Richard van den Berg and Gurjeet Dhesi


During the second half of the eighteenth century the proper management of the economy became an issue of increasing public interest in France. The number of publications dealing with economic topics, defined widely, grew manifold. In many cases books and pamphlets were motivated by general concerns about rural underdevelopment, institutional ossification and social flux, fiscal mismanagement, and colonial underachievement. Men with widely different professional backgrounds joined the debate about the state of the French economy: clergymen, lawyers, administrators, military men, doctors, and engineers, among others.1

Most commentators from the period believed that the economy needed a certain amount of regulation. But given the extensive size of the economic literature of the ancien régime, it should come as no surprise that there was room for dissenters. Indeed, a small minority contended that the economy was a largely self-regulating system that did not require much government intervention beyond the guarantee of private property. It is in particular in these texts espousing the doctrine of laissez-faire that [End Page 1] theories of the emerging market economy were developed. The most famous works from this period are doubtless those of François Quesnay, who between 1756 and 1767 produced his tableaux économiques and many other articles, and the writings of Anne-Robert-Jacques Turgot, whose Reflections on the Formation and Distribution of Wealth was published in 1769–70.

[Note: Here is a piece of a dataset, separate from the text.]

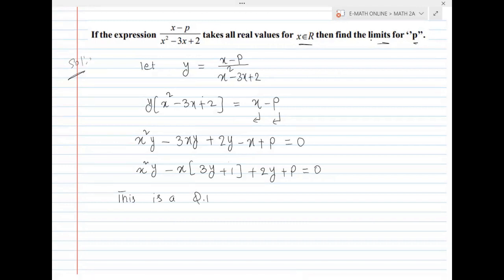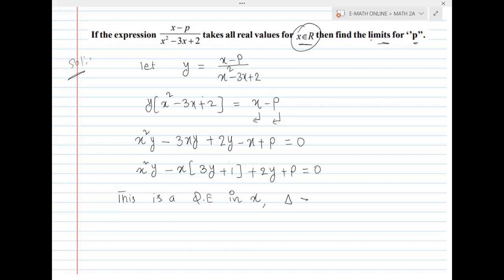This is a quadratic equation in x. Since x is a real number, delta is compulsory greater than or equal to 0. This is because x belongs to R.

From the same period dates a rarely noted attempt to analyze the market economy as an interrelated and self-regulating whole, namely Principes de tout gouvernement (1766) by the engineer C.-F.-J. d'Auxiron. Like his more famous contemporaries, Auxiron was primarily interested in economic growth and intersectoral exchange. Central to his highly original theory was a dynamic analysis describing the reestablishment of equilibrium after the economy experiences a sectoral disequilibrium due to an external shock. Remarkably, Auxiron employed mathematics to analyze this problem and by doing so became the first economic writer to present calculations that describe a process of oscillation toward new equilibrium values.

This article discusses Auxiron's unique analysis in the following order. Section 1 provides a biographical sketch of this largely unknown author. In section 2 the basic economic model presented in Principes is examined. A mathematical reformulation of Auxiron's model is presented in section 3. Section 4 concludes.

1. Life of an Unsuccessful Pioneer

No complete biographical account of the eventful life of Claude-François-Joseph count d'Auxiron exists. The versatility of this engineer and economist is underlined by the very fact that each of the few sources about his life recounts only a part of his achievements. Auxiron was born in Besançon on 31 May 1731, the son of Doctor Jean-Baptiste d'Auxiron and Anne-Elisabeth Maire.2 His father (c.1680–1760) neglected [End Page 2] medicine, devoting much of his time to applied mathematics.3 Auxiron was educated at the école d'artillerie in Metz, where he studied mechanics and sciences (see Jouffroy d'Abbans 1881). For some time he served in the Austrasian regiment and later as captain in the artillery regiment of the legion of Lorraine. However, unable to pursue his intellectual interests while holding these positions, he resigned from the army and settled in Paris. There he pursued with little success a somewhat adventurous career as writer and inventor. Neither rich nor well connected, he does not seem to have gained access to the more famous philosophical salons where a man of his talents could have built up a reputation. Nevertheless, he enthusiastically embarked on a variety of projects, occupying himself successively with the improvement of the water supply of Paris, economic theory, and, finally, steam navigation.

The improvement of Paris's water supply to which Auxiron devoted his earliest publication was a long-standing issue (see Figuier 1862). On 13...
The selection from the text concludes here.